Six years ago, I got this great idea to become a tourist of Houston on foot. I had no idea what I was doing or where it was going. All I knew was to put on my running shoes, walk out the door, and just go. Go learn, go talk, go ask without judgements. What I found is that Houston was full of diversity. We all knew that. However, let yourself be immersed in it. Look and listen to the sounds of different languages being spoken around you. Smell the scents of the different cuisines. You would think you were in a foreign country. This made me more curious.

As I explored the emotion of curiosity, it led me to change my behavior. Where I might have rushed to this place and to the next, I took it slower. Where, usually, I would have just assumed that I already knew, I found myself asking more questions. When I asked more questions, I had to acknowledge that I did not already know, so I practiced listening. As I listened more, I felt compelled to show more appreciation to the person who interrupted their busy day to educate me. This made me feel grateful.

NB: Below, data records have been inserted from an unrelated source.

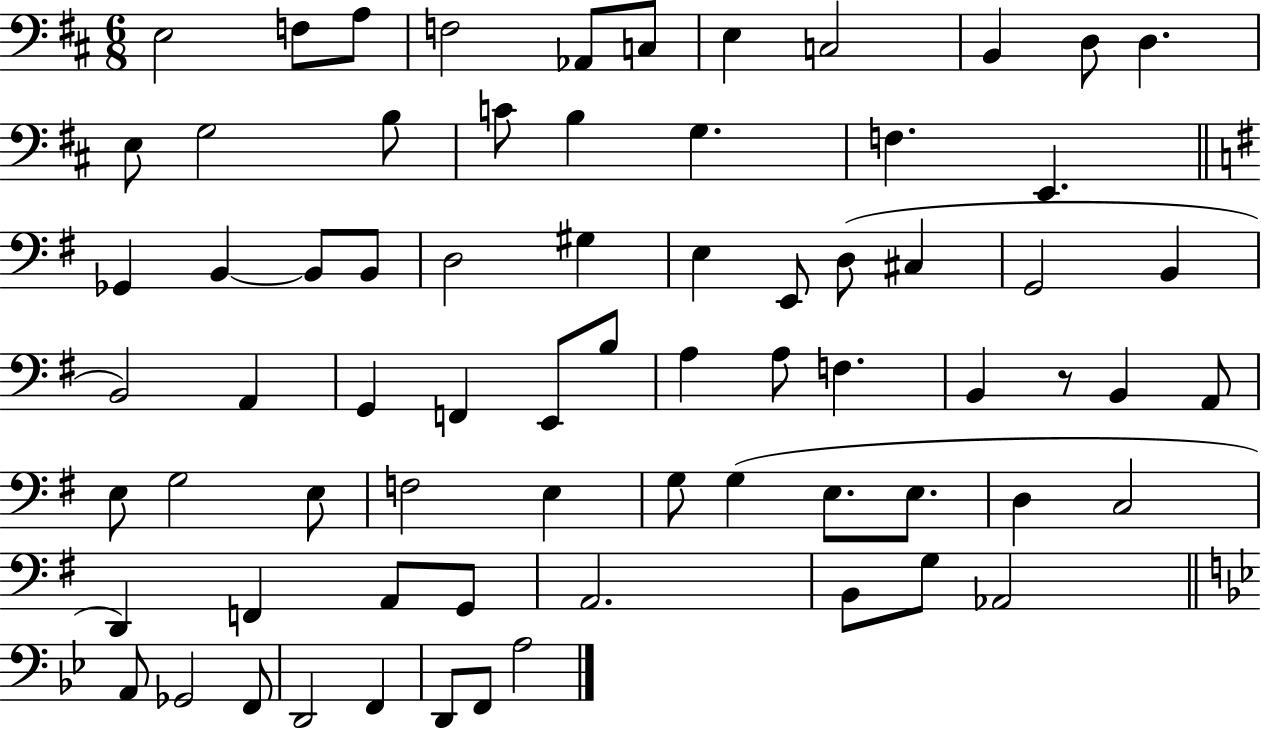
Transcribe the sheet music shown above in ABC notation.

X:1
T:Untitled
M:6/8
L:1/4
K:D
E,2 F,/2 A,/2 F,2 _A,,/2 C,/2 E, C,2 B,, D,/2 D, E,/2 G,2 B,/2 C/2 B, G, F, E,, _G,, B,, B,,/2 B,,/2 D,2 ^G, E, E,,/2 D,/2 ^C, G,,2 B,, B,,2 A,, G,, F,, E,,/2 B,/2 A, A,/2 F, B,, z/2 B,, A,,/2 E,/2 G,2 E,/2 F,2 E, G,/2 G, E,/2 E,/2 D, C,2 D,, F,, A,,/2 G,,/2 A,,2 B,,/2 G,/2 _A,,2 A,,/2 _G,,2 F,,/2 D,,2 F,, D,,/2 F,,/2 A,2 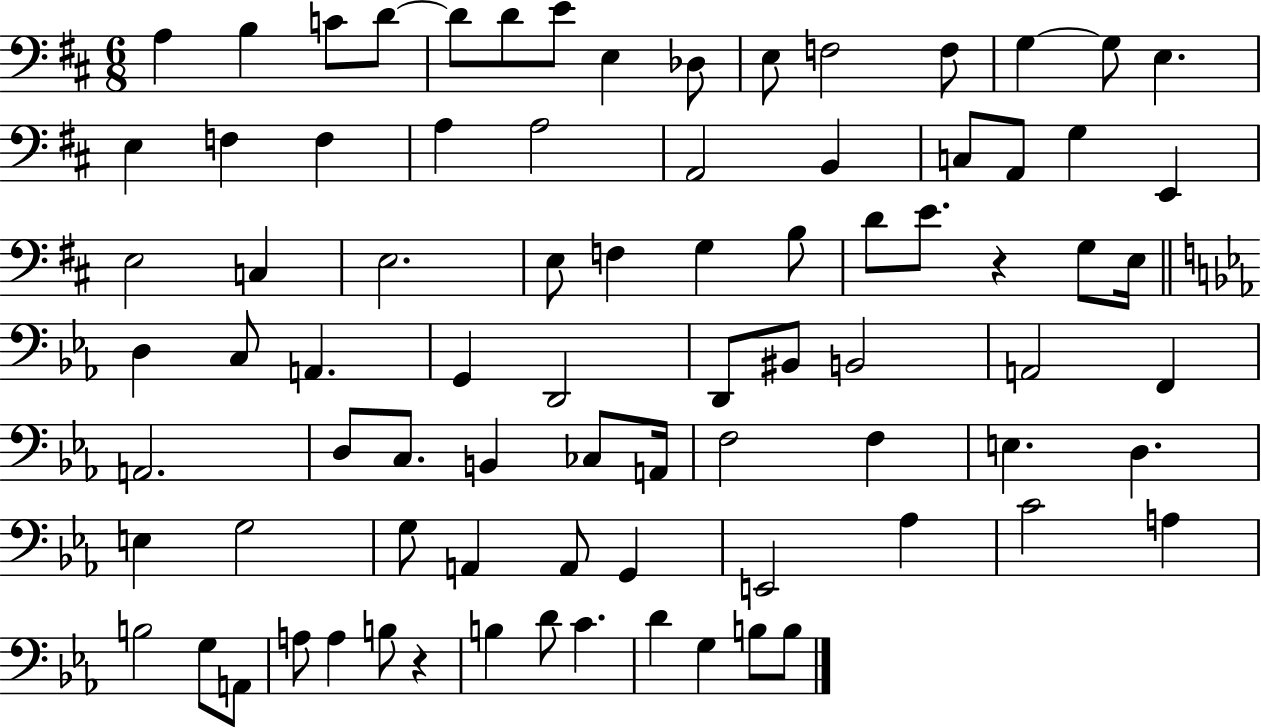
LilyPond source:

{
  \clef bass
  \numericTimeSignature
  \time 6/8
  \key d \major
  a4 b4 c'8 d'8~~ | d'8 d'8 e'8 e4 des8 | e8 f2 f8 | g4~~ g8 e4. | \break e4 f4 f4 | a4 a2 | a,2 b,4 | c8 a,8 g4 e,4 | \break e2 c4 | e2. | e8 f4 g4 b8 | d'8 e'8. r4 g8 e16 | \break \bar "||" \break \key ees \major d4 c8 a,4. | g,4 d,2 | d,8 bis,8 b,2 | a,2 f,4 | \break a,2. | d8 c8. b,4 ces8 a,16 | f2 f4 | e4. d4. | \break e4 g2 | g8 a,4 a,8 g,4 | e,2 aes4 | c'2 a4 | \break b2 g8 a,8 | a8 a4 b8 r4 | b4 d'8 c'4. | d'4 g4 b8 b8 | \break \bar "|."
} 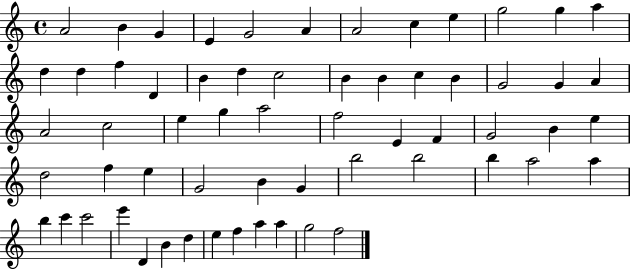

I took that gratitude and wanted to share with others. It blew my mind when people would say that they hated Houston. It was boring. The people are mean and it was ugly. And even more shocking was Houston is not walkable. Instead of getting offended, I decided to do my part in brightening up the day of the Houstonians who were stuck in a rut. Who saw and did the same things day after day. I didn't judge because I knew they could get out of that rut by simply deciding that today they do something different. I braced myself for rejection, but put myself out there to share the wonderful things that I had learned about Houston. Given the chance, the vast majority, was ready to learn a different way. This made me proud.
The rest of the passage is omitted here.